PROMPT — When you spot the word "with" in a line of the data below, copy that line.

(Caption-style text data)
*** Begin section ***
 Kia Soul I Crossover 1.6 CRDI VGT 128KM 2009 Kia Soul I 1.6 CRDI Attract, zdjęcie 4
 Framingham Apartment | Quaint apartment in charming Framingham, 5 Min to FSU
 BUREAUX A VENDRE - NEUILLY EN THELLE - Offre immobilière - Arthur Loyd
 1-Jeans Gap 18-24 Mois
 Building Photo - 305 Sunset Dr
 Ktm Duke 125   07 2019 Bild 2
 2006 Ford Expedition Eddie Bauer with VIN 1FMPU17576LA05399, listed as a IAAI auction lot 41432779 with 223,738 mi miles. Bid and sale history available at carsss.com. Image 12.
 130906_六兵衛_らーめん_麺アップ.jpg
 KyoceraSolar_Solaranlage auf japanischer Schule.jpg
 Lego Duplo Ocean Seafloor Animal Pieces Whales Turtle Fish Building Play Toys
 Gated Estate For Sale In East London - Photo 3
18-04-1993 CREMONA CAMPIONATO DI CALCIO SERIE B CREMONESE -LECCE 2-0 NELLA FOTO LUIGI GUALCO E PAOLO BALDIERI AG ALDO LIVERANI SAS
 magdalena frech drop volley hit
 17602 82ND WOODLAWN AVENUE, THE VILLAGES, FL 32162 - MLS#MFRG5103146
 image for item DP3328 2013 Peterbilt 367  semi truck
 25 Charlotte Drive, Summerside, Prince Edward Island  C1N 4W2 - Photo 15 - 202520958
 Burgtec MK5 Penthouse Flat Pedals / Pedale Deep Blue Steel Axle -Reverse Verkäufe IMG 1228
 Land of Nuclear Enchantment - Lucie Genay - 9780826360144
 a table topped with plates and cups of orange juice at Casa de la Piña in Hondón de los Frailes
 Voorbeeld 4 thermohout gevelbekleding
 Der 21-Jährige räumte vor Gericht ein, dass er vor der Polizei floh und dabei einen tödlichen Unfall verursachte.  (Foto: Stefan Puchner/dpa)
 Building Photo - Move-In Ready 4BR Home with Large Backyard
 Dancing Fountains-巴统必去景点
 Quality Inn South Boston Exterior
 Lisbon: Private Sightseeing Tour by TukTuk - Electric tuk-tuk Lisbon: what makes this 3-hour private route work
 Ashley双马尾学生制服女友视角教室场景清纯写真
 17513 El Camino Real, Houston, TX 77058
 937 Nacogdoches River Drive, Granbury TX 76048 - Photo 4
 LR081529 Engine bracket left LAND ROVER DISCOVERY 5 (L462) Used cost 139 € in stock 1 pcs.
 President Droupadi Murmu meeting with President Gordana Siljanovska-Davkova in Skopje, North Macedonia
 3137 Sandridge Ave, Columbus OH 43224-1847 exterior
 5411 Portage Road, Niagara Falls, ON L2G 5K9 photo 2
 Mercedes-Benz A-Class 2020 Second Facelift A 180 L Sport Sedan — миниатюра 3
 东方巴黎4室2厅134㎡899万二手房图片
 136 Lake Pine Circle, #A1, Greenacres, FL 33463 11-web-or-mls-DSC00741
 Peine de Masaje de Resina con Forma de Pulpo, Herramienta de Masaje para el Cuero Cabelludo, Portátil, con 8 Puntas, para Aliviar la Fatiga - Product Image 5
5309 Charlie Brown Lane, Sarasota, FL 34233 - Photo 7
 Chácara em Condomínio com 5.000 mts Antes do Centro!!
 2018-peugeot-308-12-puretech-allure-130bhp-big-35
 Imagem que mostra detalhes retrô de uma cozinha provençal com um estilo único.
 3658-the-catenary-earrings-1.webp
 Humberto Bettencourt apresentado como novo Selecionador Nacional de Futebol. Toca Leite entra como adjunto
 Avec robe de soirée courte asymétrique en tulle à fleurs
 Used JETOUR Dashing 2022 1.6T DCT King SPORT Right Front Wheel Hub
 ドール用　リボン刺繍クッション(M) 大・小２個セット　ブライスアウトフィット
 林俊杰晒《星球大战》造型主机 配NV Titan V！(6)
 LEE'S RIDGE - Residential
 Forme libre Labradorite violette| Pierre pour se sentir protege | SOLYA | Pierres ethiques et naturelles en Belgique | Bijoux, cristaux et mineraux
*** End section ***
ANSWER SPACE —
 2006 Ford Expedition Eddie Bauer with VIN 1FMPU17576LA05399, listed as a IAAI auction lot 41432779 with 223,738 mi miles. Bid and sale history available at carsss.com. Image 12.
 a table topped with plates and cups of orange juice at Casa de la Piña in Hondón de los Frailes
 Building Photo - Move-In Ready 4BR Home with Large Backyard
 President Droupadi Murmu meeting with President Gordana Siljanovska-Davkova in Skopje, North Macedonia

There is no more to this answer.